(Short descriptive text snippets)
# # # # # # #

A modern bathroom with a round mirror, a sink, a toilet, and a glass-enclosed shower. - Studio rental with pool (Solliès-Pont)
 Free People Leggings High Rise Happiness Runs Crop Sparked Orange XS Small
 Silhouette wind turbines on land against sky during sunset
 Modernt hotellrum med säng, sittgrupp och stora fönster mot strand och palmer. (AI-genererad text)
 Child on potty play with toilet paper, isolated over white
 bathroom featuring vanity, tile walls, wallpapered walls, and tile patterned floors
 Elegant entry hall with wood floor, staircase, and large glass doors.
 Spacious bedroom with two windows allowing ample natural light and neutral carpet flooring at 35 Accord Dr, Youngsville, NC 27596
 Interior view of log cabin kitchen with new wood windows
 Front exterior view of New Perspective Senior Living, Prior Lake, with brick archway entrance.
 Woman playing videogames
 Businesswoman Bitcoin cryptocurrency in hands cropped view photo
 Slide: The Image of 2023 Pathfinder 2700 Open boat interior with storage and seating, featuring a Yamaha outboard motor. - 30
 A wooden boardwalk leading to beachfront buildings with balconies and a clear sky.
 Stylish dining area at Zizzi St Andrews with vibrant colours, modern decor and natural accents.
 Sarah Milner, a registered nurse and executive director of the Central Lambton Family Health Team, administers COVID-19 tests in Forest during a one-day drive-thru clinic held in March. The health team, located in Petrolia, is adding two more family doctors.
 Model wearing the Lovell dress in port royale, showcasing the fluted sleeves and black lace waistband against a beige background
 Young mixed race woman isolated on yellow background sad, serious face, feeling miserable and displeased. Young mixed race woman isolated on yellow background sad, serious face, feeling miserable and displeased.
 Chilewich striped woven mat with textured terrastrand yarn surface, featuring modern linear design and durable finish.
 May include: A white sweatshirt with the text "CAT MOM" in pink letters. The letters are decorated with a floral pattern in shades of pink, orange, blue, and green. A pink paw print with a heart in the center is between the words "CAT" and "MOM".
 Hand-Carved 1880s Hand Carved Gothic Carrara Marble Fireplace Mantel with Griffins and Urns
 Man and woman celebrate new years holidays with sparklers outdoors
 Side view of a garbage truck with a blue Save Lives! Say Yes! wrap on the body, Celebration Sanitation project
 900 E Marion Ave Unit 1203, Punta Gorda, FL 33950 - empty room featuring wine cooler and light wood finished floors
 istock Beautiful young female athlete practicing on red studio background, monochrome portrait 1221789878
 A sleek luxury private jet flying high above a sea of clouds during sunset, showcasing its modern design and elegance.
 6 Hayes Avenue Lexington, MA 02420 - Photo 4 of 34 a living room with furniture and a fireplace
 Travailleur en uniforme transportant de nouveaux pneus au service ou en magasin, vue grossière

# # # # # # #

# What is expected:
Only those lines of the entries above that run from the line containing "Chilewich striped woven" to the line containing "istock Beautiful young", both included, should be transcribed exactly.

# Task answer:
 Chilewich striped woven mat with textured terrastrand yarn surface, featuring modern linear design and durable finish.
 May include: A white sweatshirt with the text "CAT MOM" in pink letters. The letters are decorated with a floral pattern in shades of pink, orange, blue, and green. A pink paw print with a heart in the center is between the words "CAT" and "MOM".
 Hand-Carved 1880s Hand Carved Gothic Carrara Marble Fireplace Mantel with Griffins and Urns
 Man and woman celebrate new years holidays with sparklers outdoors
 Side view of a garbage truck with a blue Save Lives! Say Yes! wrap on the body, Celebration Sanitation project
 900 E Marion Ave Unit 1203, Punta Gorda, FL 33950 - empty room featuring wine cooler and light wood finished floors
 istock Beautiful young female athlete practicing on red studio background, monochrome portrait 1221789878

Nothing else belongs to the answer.